-- Opening Marker --

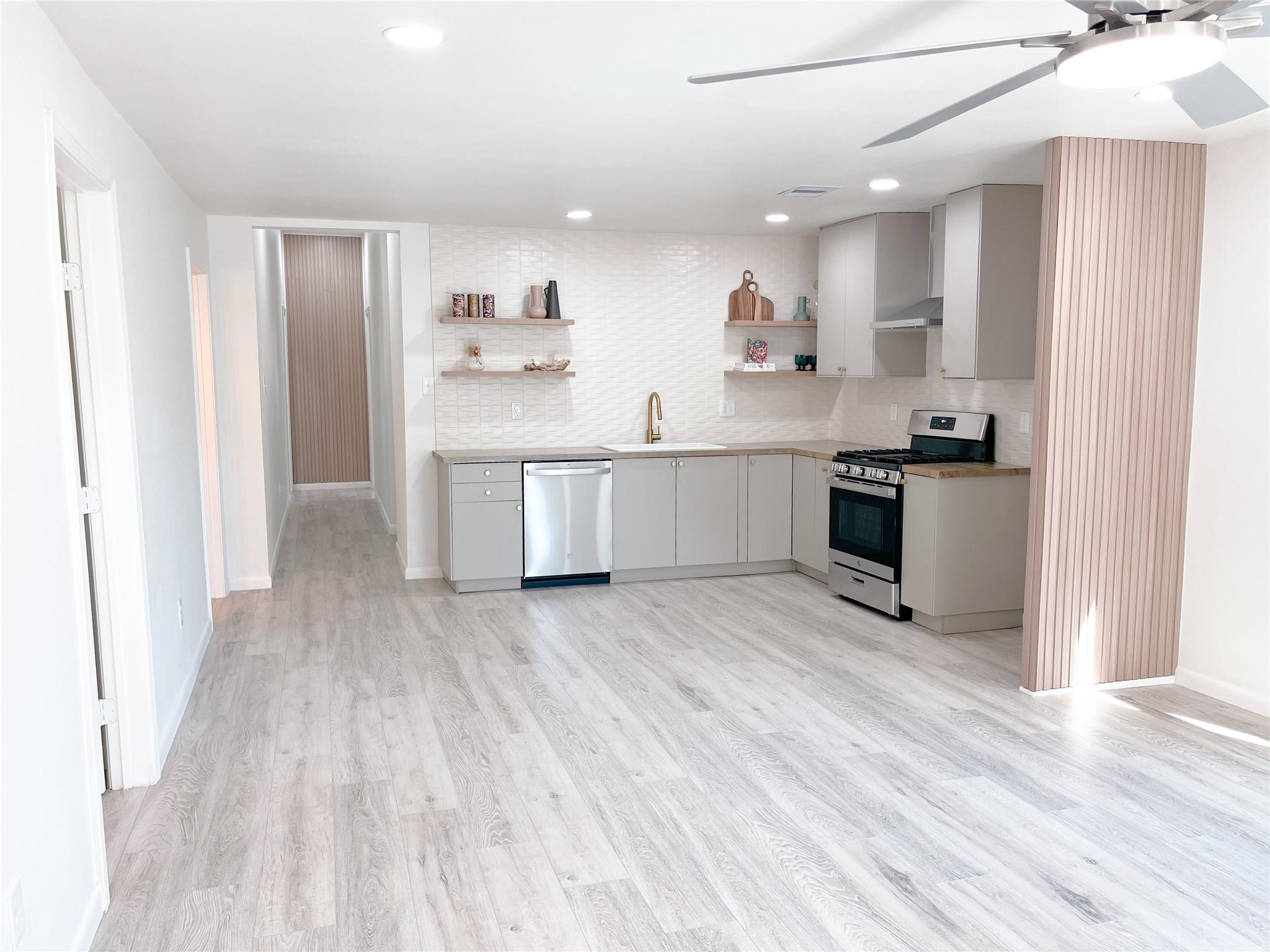 Image 4: warm earth-tone colors and tiled backsplash adds a
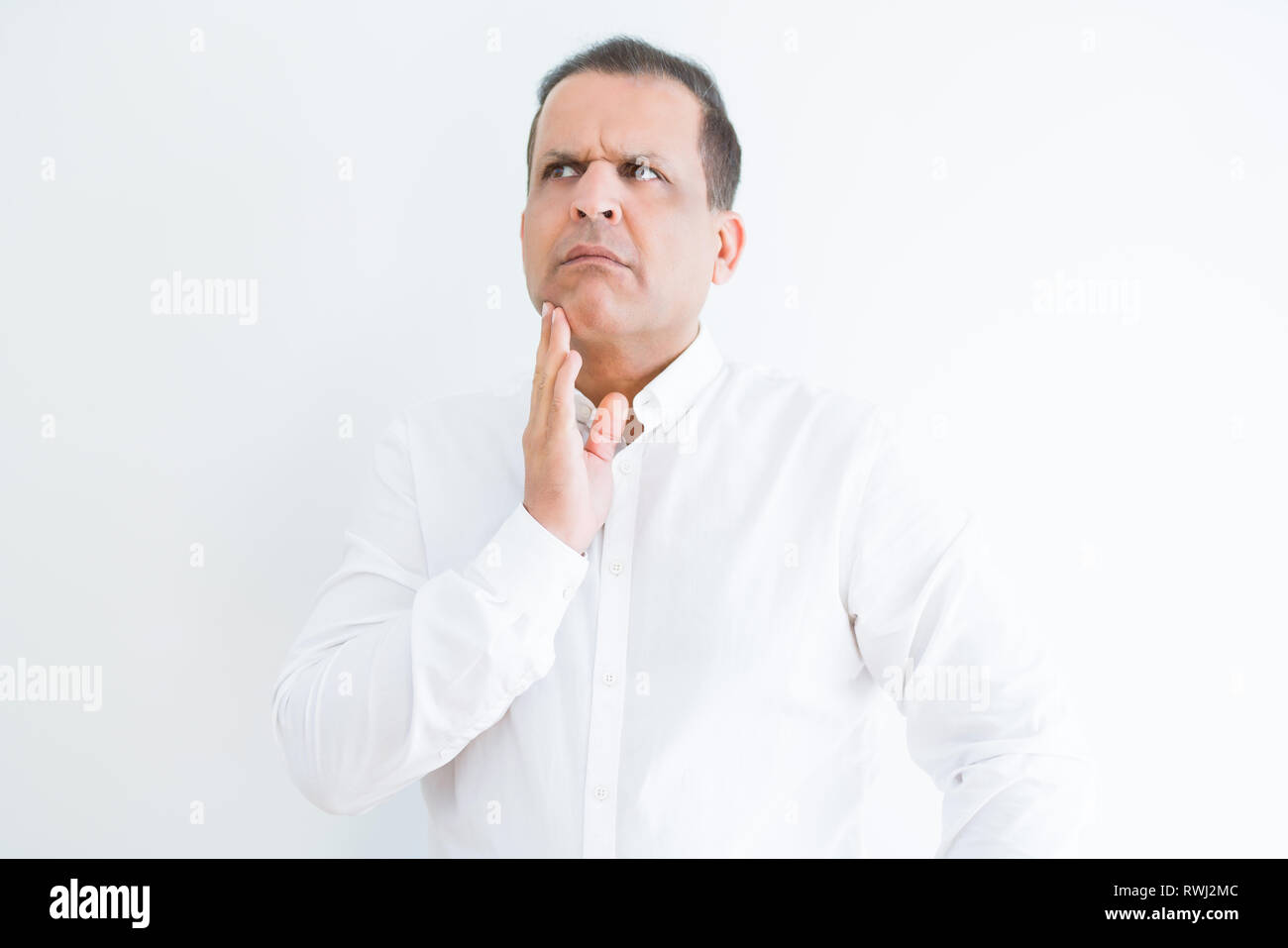 Middle age man thinking clueless about a question Stock Photo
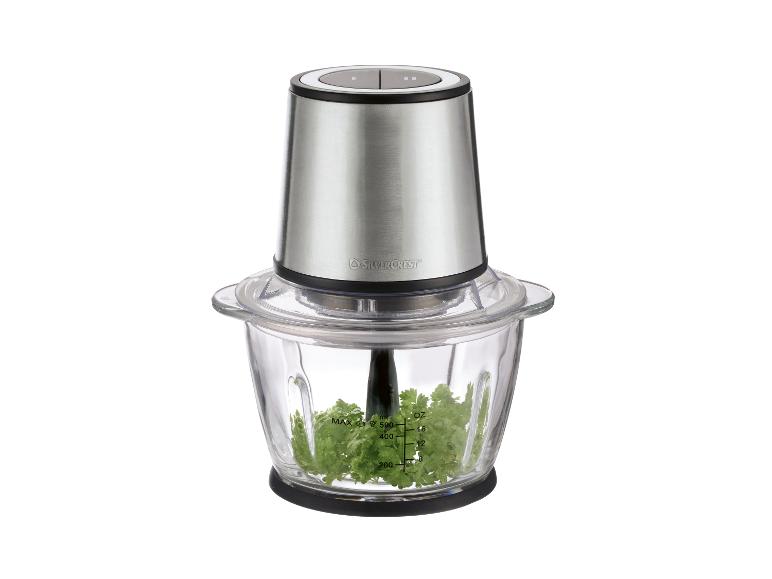 Hachoir avec bol en verre et persil haché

-- Closing Marker --

What is expected: Copy out the material above exactly; the images stay out.

Answer space:
 Image 4: warm earth-tone colors and tiled backsplash adds a
 Middle age man thinking clueless about a question Stock Photo
 Hachoir avec bol en verre et persil haché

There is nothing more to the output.